* Task to complete
All lines in the material below that hold "photo" should be found and copied.
START Records supplied
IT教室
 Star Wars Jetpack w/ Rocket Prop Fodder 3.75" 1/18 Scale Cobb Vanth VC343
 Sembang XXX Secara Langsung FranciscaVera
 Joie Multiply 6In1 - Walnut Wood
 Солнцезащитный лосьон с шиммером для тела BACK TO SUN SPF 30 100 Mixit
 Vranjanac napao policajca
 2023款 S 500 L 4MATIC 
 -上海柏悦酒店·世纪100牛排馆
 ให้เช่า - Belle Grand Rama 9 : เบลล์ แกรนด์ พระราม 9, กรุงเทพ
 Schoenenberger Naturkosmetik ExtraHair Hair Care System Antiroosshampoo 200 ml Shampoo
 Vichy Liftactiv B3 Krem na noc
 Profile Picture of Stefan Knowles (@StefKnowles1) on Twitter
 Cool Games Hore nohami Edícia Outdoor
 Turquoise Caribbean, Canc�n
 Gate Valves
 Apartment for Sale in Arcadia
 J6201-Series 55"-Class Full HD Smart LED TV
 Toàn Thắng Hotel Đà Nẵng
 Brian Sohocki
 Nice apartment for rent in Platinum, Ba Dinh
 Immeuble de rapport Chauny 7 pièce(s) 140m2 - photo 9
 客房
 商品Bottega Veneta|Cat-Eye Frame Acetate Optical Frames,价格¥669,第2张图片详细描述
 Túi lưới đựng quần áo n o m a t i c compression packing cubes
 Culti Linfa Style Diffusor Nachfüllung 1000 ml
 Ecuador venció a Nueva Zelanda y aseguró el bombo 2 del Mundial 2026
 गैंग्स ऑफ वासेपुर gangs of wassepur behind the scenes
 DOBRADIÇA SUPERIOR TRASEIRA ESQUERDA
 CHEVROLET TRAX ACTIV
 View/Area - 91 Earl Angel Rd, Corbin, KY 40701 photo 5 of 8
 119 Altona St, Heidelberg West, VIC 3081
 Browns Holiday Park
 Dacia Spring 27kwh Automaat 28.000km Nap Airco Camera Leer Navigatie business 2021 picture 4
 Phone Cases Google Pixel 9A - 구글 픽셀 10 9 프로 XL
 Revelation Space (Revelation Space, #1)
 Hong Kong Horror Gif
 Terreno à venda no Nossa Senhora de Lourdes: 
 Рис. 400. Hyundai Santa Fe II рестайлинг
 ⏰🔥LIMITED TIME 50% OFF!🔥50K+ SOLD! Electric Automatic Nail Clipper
END Records supplied
* Written response
 Immeuble de rapport Chauny 7 pièce(s) 140m2 - photo 9
 View/Area - 91 Earl Angel Rd, Corbin, KY 40701 photo 5 of 8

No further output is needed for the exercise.